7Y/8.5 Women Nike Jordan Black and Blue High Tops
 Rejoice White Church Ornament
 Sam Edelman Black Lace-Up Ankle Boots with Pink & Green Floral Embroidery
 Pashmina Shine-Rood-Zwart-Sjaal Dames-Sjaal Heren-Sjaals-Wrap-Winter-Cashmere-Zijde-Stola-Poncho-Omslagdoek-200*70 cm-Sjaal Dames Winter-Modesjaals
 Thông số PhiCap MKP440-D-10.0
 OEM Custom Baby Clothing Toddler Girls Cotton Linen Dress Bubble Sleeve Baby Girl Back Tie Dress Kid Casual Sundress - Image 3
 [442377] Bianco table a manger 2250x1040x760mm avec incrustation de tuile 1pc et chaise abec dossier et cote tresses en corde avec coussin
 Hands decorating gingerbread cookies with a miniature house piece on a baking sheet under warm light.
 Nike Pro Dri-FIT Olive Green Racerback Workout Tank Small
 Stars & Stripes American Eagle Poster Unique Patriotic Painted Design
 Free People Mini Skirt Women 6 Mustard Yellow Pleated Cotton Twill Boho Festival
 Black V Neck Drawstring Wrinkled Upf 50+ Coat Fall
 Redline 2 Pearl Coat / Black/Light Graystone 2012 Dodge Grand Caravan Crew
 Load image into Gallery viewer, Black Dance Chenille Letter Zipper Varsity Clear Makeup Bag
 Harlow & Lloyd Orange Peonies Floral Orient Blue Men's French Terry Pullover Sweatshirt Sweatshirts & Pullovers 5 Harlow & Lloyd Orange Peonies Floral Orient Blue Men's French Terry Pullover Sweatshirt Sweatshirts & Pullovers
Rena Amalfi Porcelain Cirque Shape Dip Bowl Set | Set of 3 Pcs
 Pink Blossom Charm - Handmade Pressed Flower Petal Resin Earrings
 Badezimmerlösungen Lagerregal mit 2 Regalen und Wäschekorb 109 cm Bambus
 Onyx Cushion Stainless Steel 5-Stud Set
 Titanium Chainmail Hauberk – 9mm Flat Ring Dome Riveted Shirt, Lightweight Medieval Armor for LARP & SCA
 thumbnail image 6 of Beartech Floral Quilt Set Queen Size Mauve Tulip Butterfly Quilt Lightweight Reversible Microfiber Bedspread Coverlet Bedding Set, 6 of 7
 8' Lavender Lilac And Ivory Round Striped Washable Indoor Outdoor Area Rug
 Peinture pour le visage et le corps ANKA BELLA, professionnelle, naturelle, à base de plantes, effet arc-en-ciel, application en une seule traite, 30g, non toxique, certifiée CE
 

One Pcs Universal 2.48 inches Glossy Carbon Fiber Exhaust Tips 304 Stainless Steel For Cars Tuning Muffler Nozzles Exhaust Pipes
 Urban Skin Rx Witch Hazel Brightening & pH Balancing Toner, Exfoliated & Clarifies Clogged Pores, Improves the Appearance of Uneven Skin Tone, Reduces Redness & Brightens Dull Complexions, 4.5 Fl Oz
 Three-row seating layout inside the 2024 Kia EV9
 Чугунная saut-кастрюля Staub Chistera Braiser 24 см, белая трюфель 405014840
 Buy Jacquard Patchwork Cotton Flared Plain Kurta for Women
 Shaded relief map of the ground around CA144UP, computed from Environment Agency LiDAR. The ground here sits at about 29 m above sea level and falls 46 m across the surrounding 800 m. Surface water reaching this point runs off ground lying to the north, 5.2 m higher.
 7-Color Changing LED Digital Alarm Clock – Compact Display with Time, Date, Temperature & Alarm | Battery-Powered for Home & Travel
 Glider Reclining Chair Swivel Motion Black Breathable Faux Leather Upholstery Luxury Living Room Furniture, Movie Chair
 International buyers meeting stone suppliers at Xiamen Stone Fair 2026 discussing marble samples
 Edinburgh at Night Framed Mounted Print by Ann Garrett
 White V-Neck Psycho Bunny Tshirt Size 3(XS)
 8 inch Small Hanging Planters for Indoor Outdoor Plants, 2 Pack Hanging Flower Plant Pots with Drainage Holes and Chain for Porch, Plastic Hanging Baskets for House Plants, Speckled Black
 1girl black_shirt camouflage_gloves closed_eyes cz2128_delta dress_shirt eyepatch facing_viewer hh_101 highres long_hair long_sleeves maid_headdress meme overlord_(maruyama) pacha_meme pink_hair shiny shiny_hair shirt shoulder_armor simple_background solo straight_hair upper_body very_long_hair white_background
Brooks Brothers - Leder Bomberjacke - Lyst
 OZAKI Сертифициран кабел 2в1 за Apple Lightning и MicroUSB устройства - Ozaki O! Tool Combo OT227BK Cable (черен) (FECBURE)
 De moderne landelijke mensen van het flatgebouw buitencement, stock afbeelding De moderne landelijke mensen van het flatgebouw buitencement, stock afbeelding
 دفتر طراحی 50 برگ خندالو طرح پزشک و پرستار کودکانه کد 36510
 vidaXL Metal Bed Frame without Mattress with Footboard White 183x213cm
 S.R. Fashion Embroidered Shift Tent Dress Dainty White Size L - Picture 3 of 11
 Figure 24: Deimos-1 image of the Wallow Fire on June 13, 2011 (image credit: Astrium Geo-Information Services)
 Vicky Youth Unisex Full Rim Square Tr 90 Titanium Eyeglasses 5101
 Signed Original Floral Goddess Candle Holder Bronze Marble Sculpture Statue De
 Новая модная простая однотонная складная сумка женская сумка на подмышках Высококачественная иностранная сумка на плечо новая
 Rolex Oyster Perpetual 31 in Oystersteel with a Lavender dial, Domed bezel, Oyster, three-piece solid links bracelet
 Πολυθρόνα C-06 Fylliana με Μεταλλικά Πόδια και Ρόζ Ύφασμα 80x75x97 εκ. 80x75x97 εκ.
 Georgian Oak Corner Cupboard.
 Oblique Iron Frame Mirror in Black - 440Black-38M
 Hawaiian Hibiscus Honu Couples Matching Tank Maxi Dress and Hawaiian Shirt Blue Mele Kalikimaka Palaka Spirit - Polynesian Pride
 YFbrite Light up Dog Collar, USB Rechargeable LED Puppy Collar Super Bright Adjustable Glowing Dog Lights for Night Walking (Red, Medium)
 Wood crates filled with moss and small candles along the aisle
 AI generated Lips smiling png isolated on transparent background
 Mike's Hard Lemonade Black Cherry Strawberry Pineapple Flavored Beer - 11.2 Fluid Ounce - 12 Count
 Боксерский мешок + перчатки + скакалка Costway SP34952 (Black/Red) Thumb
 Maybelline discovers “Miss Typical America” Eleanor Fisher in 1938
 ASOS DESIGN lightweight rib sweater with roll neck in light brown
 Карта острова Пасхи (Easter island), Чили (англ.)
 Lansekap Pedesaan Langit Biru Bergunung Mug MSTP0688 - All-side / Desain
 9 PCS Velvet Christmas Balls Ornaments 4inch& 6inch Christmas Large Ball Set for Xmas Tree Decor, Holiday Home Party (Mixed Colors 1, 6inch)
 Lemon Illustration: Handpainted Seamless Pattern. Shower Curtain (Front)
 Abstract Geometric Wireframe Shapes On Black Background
● ● ● ● ●
Exactly how many lines in the listing above hold the string "Nike"? State the number by itself.

2